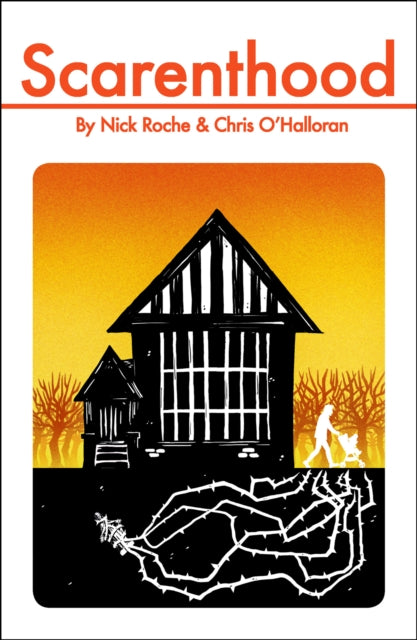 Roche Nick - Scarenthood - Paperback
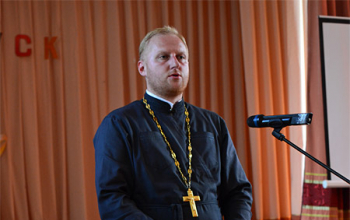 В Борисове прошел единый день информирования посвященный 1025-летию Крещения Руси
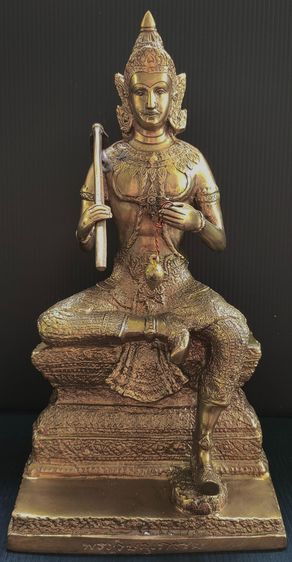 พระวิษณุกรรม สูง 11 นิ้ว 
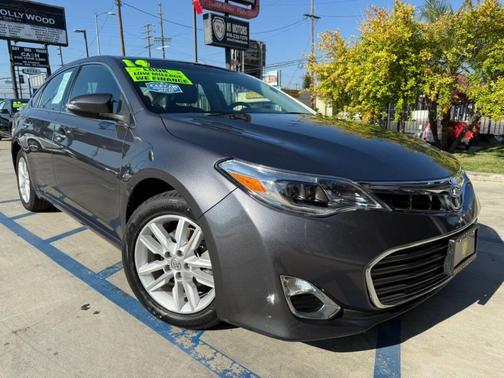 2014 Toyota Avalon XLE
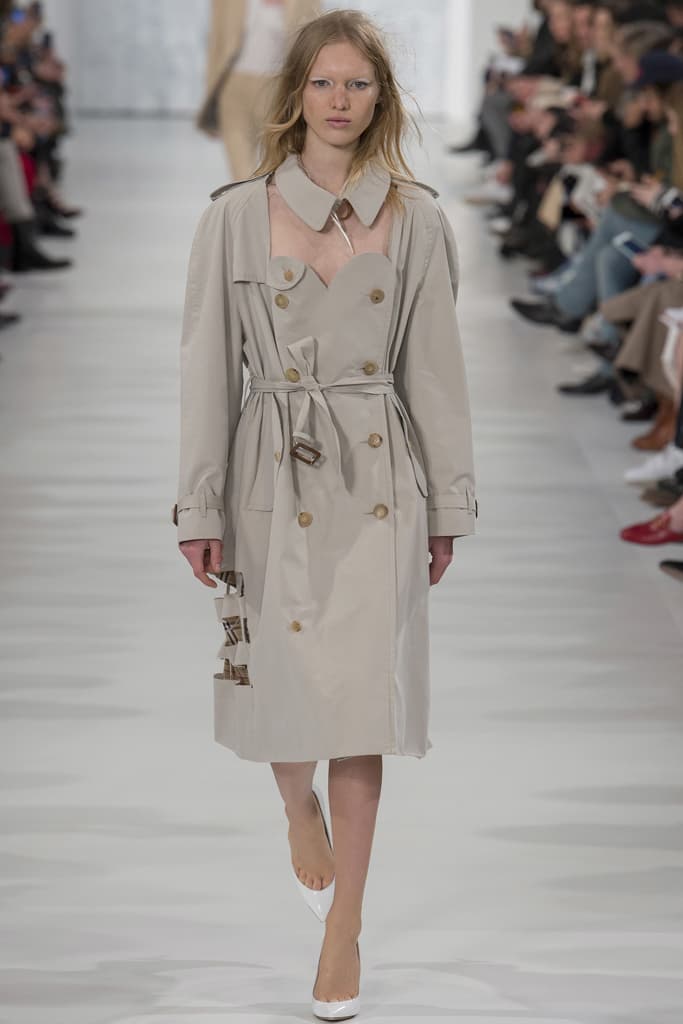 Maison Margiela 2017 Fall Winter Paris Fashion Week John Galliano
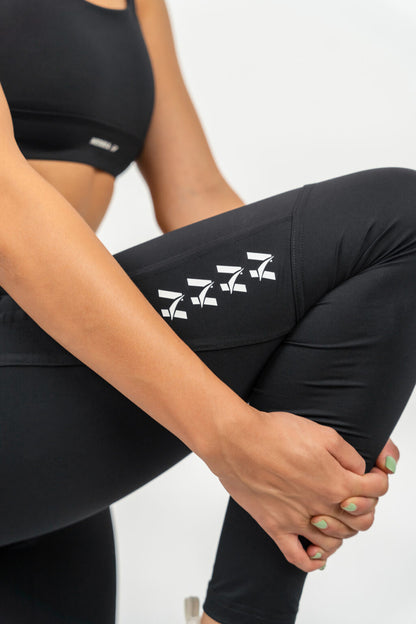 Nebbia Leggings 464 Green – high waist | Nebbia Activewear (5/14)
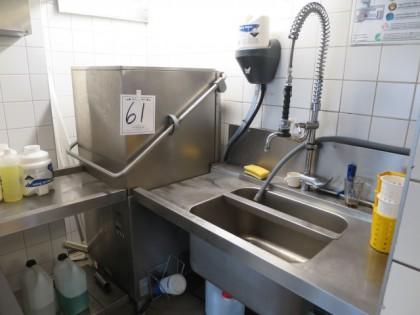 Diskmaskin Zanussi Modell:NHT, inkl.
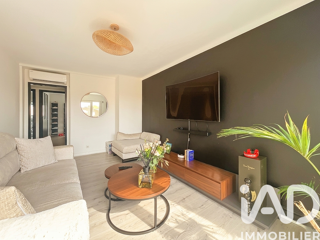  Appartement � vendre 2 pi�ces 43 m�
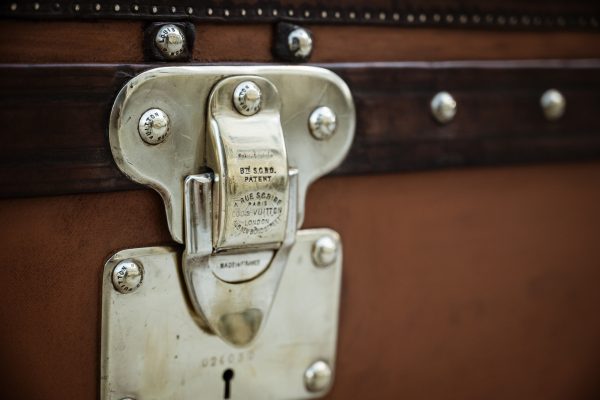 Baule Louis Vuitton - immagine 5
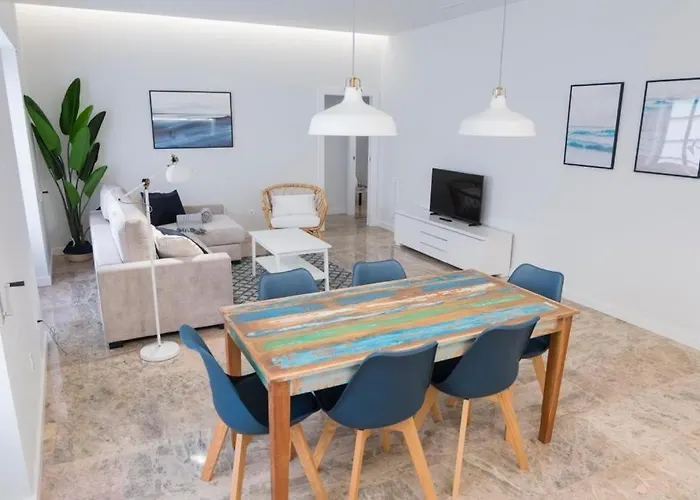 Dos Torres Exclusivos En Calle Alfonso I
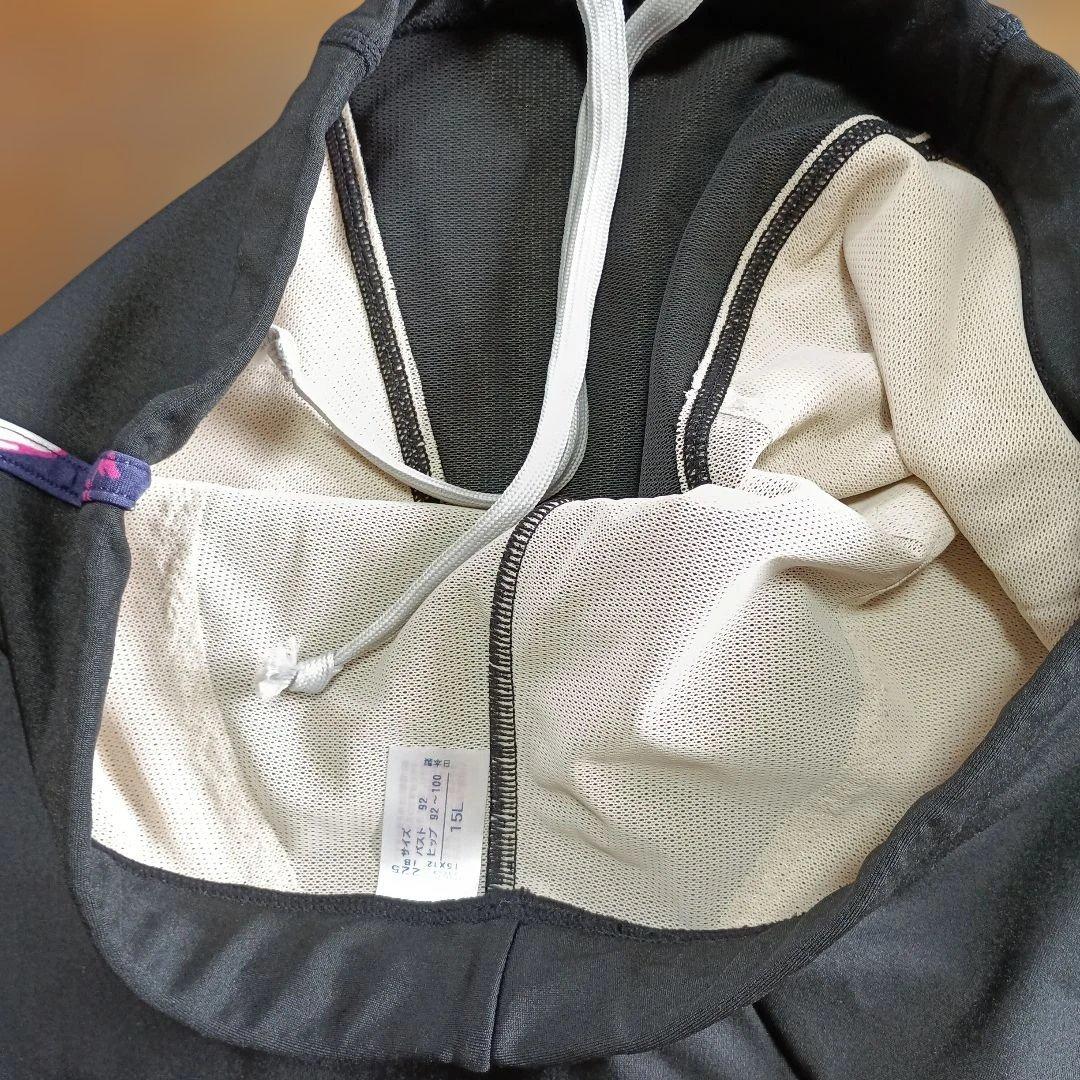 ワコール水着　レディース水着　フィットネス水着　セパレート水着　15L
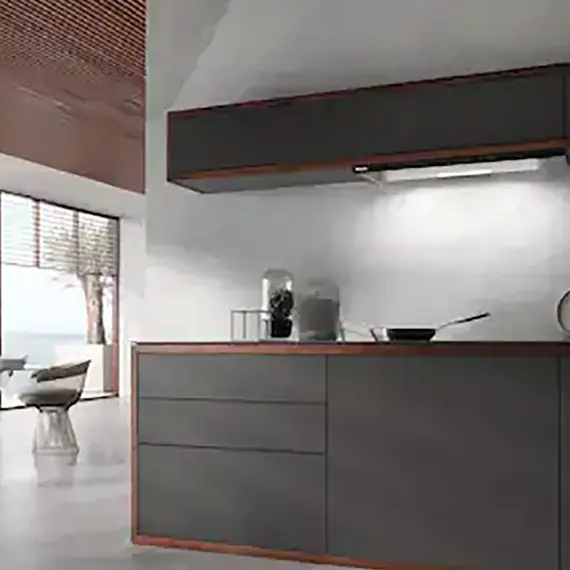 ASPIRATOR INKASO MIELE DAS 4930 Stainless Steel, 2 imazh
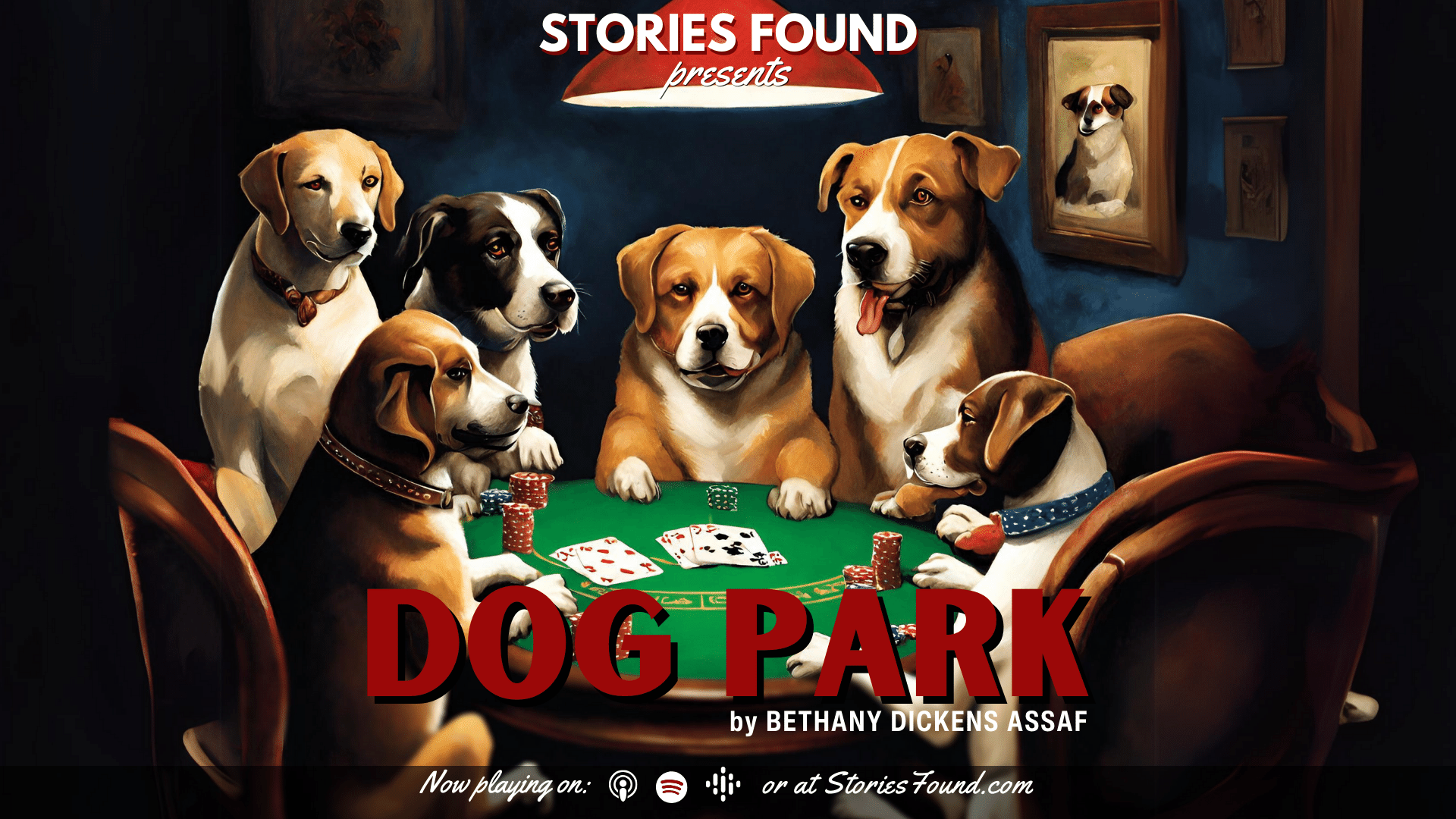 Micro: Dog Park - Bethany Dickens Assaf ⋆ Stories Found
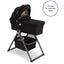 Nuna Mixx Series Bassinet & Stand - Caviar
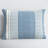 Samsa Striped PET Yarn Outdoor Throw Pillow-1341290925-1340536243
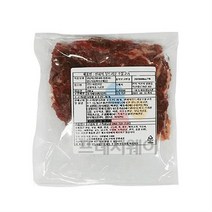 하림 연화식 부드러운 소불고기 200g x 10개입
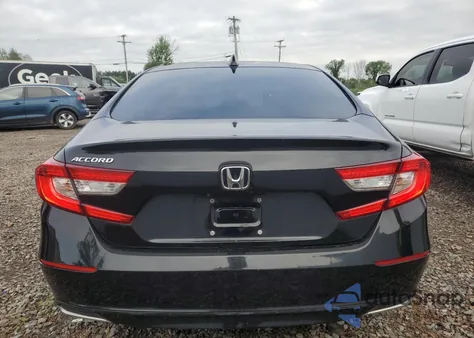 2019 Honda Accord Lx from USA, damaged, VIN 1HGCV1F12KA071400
----------------------------------------
▸ To do:
Set down all the material exactly once more. No pictures.

▸ Answer for this exercise:
 Roche Nick - Scarenthood - Paperback
 В Борисове прошел единый день информирования посвященный 1025-летию Крещения Руси
 พระวิษณุกรรม สูง 11 นิ้ว 
 2014 Toyota Avalon XLE
 Maison Margiela 2017 Fall Winter Paris Fashion Week John Galliano
 Nebbia Leggings 464 Green – high waist | Nebbia Activewear (5/14)
 Diskmaskin Zanussi Modell:NHT, inkl.
  Appartement � vendre 2 pi�ces 43 m�
 Baule Louis Vuitton - immagine 5
 Dos Torres Exclusivos En Calle Alfonso I
 ワコール水着　レディース水着　フィットネス水着　セパレート水着　15L
 ASPIRATOR INKASO MIELE DAS 4930 Stainless Steel, 2 imazh
 Micro: Dog Park - Bethany Dickens Assaf ⋆ Stories Found
 Nuna Mixx Series Bassinet & Stand - Caviar
 Samsa Striped PET Yarn Outdoor Throw Pillow-1341290925-1340536243
 하림 연화식 부드러운 소불고기 200g x 10개입
 2019 Honda Accord Lx from USA, damaged, VIN 1HGCV1F12KA071400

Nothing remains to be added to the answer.